Vodafone, the world’s largest cellphone company by revenues, lowered its full-year revenue outlook and is to cut £1-billion of costs, although it reported first-half results slightly ahead of forecasts.
Samsung Securities, South Korea’s biggest brokerage, reported a 69% fall in quarterly net profit due to losses from bond and stock investments on the back of falling financial markets.
And the world’s largest hotelier, InterContinental Hotels, beat forecasts with a 14% rise in third-quarter profits but said it saw a sharp deterioration in October market conditions.
Investors, spooked by worries about the worsening outlook for US companies, sold shares.
Japan’s Nikkei share index dropped 3% and European stocks shed 2% at the open.

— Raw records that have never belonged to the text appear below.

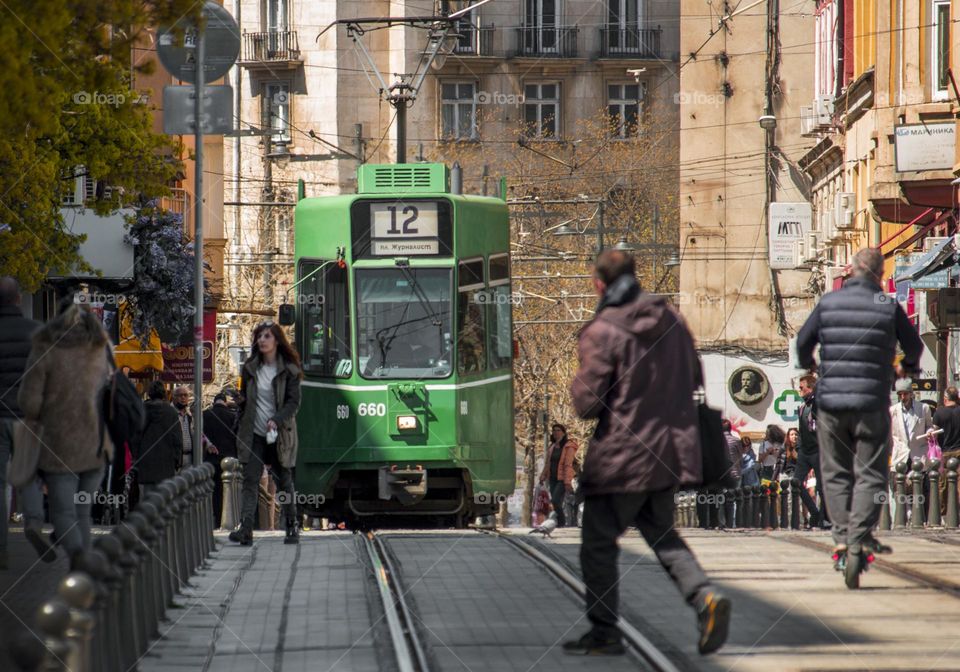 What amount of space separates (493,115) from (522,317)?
520 inches

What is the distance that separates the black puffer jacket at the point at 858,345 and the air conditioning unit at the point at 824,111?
1267 inches

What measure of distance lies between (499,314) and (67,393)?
9910 mm

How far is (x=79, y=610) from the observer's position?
6016 mm

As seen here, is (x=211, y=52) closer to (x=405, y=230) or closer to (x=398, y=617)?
(x=405, y=230)

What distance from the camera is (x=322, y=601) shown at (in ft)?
35.3

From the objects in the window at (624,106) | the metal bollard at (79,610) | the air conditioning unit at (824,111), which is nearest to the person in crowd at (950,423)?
the metal bollard at (79,610)

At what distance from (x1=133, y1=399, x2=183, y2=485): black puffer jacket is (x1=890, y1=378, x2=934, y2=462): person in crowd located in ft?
25.2

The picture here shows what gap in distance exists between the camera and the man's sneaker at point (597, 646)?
8.17 metres

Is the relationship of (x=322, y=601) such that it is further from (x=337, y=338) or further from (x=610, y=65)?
(x=610, y=65)

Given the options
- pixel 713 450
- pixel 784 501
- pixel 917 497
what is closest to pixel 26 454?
pixel 713 450

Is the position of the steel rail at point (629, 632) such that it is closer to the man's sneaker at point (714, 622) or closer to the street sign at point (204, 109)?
the man's sneaker at point (714, 622)

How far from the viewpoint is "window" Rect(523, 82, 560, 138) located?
63250mm

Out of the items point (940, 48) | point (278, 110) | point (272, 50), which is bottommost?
point (940, 48)

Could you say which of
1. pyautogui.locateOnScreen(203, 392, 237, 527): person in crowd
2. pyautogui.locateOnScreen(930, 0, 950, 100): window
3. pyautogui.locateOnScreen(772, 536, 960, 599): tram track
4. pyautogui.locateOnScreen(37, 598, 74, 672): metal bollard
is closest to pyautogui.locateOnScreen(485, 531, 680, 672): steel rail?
pyautogui.locateOnScreen(772, 536, 960, 599): tram track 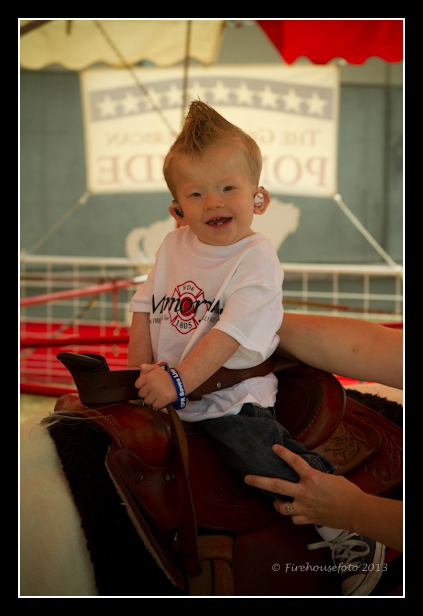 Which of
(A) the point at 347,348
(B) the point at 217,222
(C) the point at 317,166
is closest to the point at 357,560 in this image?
(A) the point at 347,348

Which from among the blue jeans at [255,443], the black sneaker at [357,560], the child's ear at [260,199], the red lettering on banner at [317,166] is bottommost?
the black sneaker at [357,560]

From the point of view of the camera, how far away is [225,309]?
988 millimetres

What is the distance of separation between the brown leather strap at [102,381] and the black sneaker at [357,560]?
1.20 ft

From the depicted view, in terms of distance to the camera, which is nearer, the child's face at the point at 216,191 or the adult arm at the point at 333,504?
the adult arm at the point at 333,504

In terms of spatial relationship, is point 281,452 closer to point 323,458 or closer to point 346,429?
point 323,458

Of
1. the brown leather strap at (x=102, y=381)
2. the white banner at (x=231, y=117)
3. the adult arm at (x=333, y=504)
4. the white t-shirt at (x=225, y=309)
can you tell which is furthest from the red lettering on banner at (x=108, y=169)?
the adult arm at (x=333, y=504)

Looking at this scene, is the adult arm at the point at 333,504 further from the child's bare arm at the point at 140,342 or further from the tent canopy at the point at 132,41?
the tent canopy at the point at 132,41

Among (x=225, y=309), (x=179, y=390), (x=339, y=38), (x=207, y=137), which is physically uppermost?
(x=339, y=38)

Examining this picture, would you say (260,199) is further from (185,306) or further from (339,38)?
(339,38)

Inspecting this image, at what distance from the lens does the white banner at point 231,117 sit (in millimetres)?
4734

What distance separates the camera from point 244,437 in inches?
36.9

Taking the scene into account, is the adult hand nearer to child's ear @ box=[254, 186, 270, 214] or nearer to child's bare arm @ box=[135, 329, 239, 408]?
child's bare arm @ box=[135, 329, 239, 408]

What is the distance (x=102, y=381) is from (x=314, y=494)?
1.47ft

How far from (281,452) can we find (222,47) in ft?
21.3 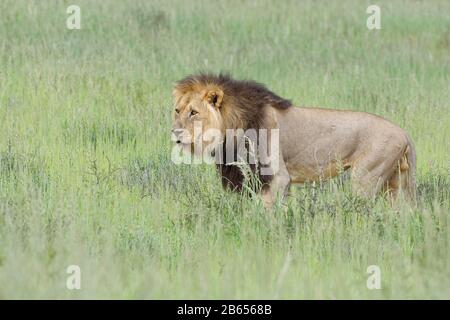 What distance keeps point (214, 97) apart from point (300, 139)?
0.77 meters

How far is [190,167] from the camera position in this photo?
759 centimetres

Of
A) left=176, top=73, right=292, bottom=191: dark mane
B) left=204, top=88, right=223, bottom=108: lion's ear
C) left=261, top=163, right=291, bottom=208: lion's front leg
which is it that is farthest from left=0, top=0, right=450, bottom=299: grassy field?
left=204, top=88, right=223, bottom=108: lion's ear

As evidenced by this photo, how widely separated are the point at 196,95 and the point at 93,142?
7.02 ft

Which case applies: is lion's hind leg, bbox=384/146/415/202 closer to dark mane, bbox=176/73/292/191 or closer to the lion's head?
dark mane, bbox=176/73/292/191

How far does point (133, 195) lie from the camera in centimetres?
686

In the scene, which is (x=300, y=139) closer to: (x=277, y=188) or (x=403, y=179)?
(x=277, y=188)

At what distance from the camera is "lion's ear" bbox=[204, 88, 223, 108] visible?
6.79 m

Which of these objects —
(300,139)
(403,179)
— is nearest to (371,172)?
(403,179)

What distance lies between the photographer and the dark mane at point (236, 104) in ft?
22.4

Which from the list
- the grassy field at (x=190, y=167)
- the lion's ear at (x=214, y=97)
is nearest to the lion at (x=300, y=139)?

Expectations that profits would be hit hard by a deep recession doused Monday’s optimism, sparked by China’s announcement of a nearly $600-billion stimulus package and increased US government support for stricken insurer AIG to the tune of $150-billion.
Deutsche Bank said the equity value of General Motors was now zero, sending its stock to a 62-year low, and analysts said Goldman Sachs could post its first quarterly loss.

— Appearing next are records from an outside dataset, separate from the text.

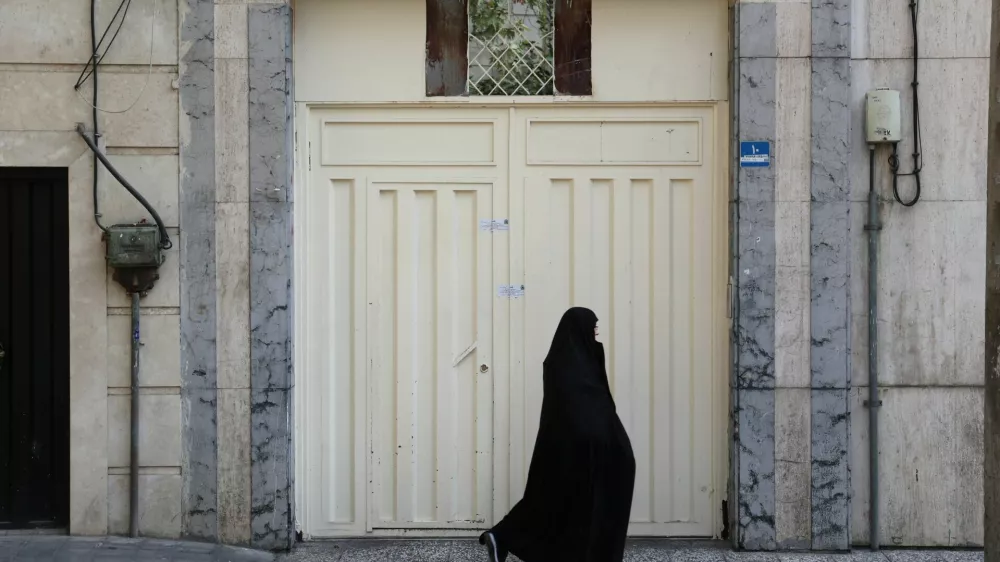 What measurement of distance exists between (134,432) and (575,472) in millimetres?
2596

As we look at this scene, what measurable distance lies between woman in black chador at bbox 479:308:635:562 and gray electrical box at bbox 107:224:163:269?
236 centimetres

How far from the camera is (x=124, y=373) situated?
18.2ft

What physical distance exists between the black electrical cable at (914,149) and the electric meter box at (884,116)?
137 mm

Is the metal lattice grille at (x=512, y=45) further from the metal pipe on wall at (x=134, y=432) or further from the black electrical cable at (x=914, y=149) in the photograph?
the metal pipe on wall at (x=134, y=432)

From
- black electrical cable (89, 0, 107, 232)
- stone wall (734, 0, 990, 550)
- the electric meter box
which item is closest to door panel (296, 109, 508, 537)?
black electrical cable (89, 0, 107, 232)

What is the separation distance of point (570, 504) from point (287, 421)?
1.76m

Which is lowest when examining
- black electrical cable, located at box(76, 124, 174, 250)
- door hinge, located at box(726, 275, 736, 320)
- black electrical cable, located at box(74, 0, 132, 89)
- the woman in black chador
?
the woman in black chador

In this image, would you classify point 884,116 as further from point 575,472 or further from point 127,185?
point 127,185

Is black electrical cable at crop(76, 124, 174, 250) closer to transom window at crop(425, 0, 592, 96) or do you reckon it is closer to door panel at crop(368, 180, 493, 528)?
door panel at crop(368, 180, 493, 528)

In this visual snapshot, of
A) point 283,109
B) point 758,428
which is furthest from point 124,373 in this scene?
point 758,428

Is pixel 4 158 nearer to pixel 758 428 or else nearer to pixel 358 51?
pixel 358 51

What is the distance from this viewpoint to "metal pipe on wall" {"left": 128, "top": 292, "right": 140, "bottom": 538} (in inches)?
217

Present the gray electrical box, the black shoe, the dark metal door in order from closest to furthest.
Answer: the black shoe
the gray electrical box
the dark metal door

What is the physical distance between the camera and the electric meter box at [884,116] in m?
5.41
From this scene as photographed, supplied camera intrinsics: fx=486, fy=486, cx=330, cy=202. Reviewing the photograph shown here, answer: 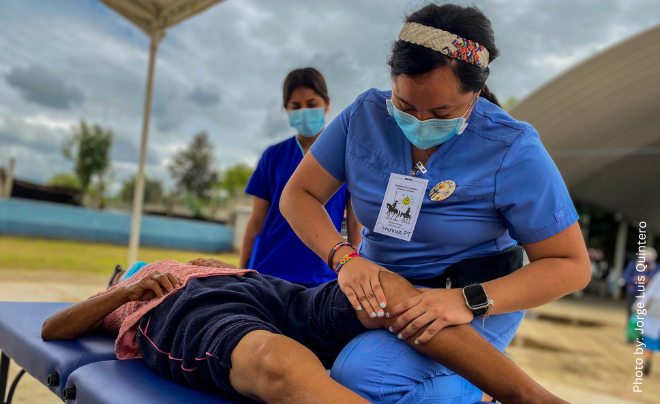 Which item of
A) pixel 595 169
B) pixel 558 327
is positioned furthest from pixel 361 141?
pixel 595 169

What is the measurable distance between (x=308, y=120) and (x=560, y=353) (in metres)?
4.86

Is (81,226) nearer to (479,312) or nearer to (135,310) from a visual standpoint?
(135,310)

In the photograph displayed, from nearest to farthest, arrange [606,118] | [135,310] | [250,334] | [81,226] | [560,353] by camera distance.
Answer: [250,334], [135,310], [560,353], [606,118], [81,226]

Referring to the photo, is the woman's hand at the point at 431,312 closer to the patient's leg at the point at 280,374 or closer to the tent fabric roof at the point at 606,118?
the patient's leg at the point at 280,374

US electronics seller Circuit City filed for bankruptcy — the biggest retailer to do so since Kmart in 2002 — and coffee chain Starbucks reported disappointing earnings.
Summit
Leaders of the world’s major economies meet in Washington on Saturday to discuss long-term solutions to the crisis following a series of coordinated moves on interest rates and to recapitalise banks to try to fight the financial turmoil.
The credit crunch has seen banks clam up on lending to each other, businesses and households for over a year.
But officials are downplaying the likelihood of dramatic measures and aides to president-elect Barack Obama — who world leaders have urged to make the credit crisis his number-one priority — said he would not attend the November 15 summit.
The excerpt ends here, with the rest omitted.